Want to reduce mobile voice costs? Change the channel

It has been a while since the EU introduced regulations to address the cost of roaming in Europe – 2007 to be precise. Undoubtedly, this was a welcome piece of legislation for consumers and businesses, with ’Eurotariff’ limits being imposed – no more than 43 Euro cents per minute to make a voice call and 19 cents per minute to receive a call before 2010. In addition, mobile service providers now have to apply per second billing, as well as sending users information on the price of calls when they first enter another EU country, usually done via a ’Welcome’ SMS. The legislation was extended in 2009 to encompass SMS and data services. So far, so good and, according to Ofcom, the UK communications regulator, this has resulted in a reduction of retail prices (not costs) of more than 50% for most users.

While this is undoubtedly a move in the right direction, it is important to keep this in perspective, particularly from a business viewpoint. Economic downturn aside, mobility, including roaming, and the need to maintain effective business communications while mobile is increasing, irrespective of whether this is within the home country, regionally based or global, which in turn leads to increasing costs. And as this spend spirals upwards, there is increasing pressure on IT and communications managers to reign this in. This is already being evidenced with some companies reducing the number of corporate sponsored mobiles across the business, and setting monthly spending limits on mobile usage.

Given this need to balance increasing mobility needs against increasing cost, a recent announcement from Agito Networks, a company that focuses on solutions for enterprise mobility, is worth highlighting.
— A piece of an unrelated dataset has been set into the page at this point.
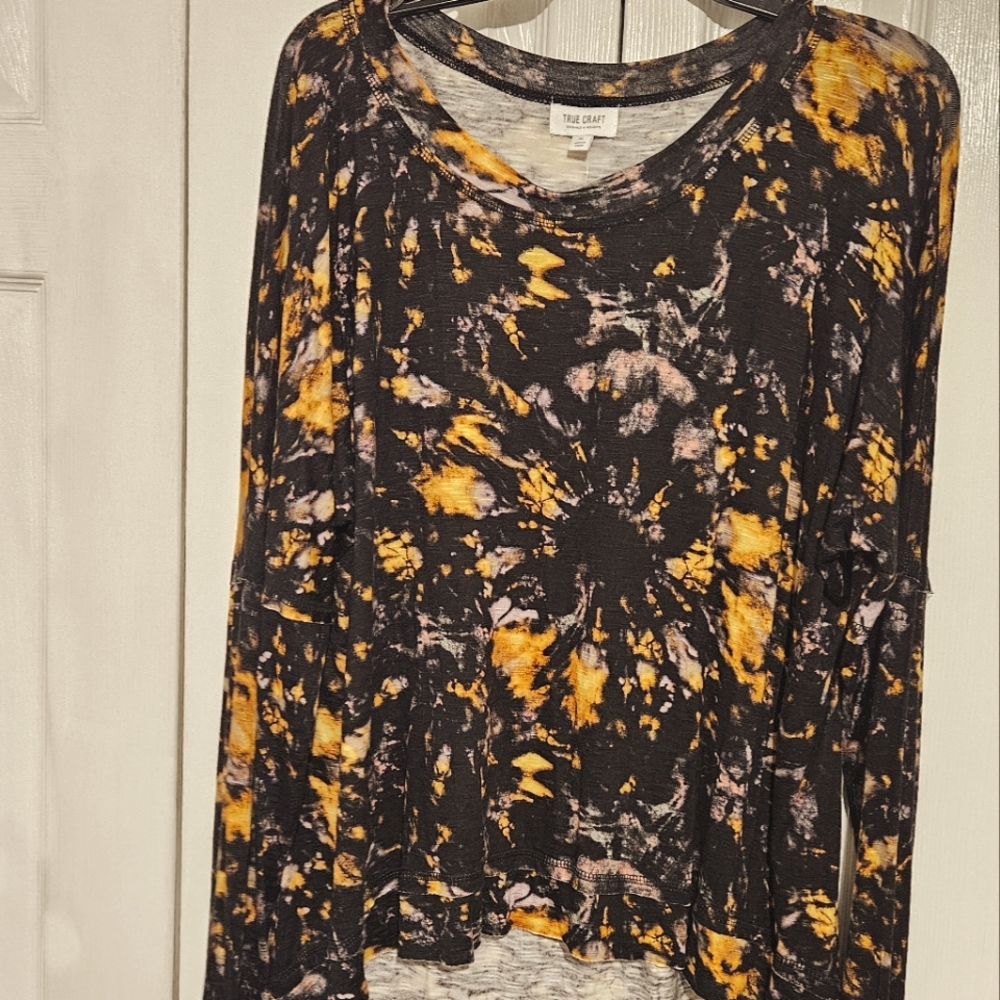 True Craft XL Tie Dye Longsleeve Tee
The company, which is probably better known for its support of voice over wireless LAN (WLAN) has recently released a solution for delivering enterprise grade voice over 3G data.

What this means is that when a user roams abroad, rather than using cellular voice, calls can be made and received using cellular data. The advantage of this centres around how data plans are currently priced compared to voice plans. A growing number of US data plans that businesses can subscribe to offer unlimited international data as extension to the standard plan, for a fixed (and, by comparison to usage based pricing, relatively modest) additional fee. To date, however, Europe is behind the US on data roaming plans, meaning that this solution will only make sense as and when these plans become more commonplace.

Of course, for heavy users of roaming voice, who are on such a plan, by using 3G data to make voice calls, the costs will effectively be absorbed into an ’all you can eat’ package. In this scenario, it is evident that there could be substantial cost savings available. And while it won’t be cost effective for each and every user, for an IT manager who has to contend with spiralling mobile costs, it merits at least a cursory investigation.
Unlike the situation with mobile VoIP, mobile operators in the US at least, have not (according to Agito Networks) had an adverse reaction to voice carried in this way, as the volume of traffic involved is not significant enough as a portion of the whole (roaming business users compared to everyone else), and this essentially creates user stickiness. Again, time will tell whether European operators will feel as comfortable, given that international data roaming is much more significant in terms of data volumes.

Of course, it remains to be seen how much businesses will embrace this particular solution, and of course, if they do, then they clearly need to pay careful attention to the calculations and all the variables involved. What this does highlight is that the cost of mobile communications is a critical one for businesses, and one that will continue to generate solutions aimed at minimising these costs.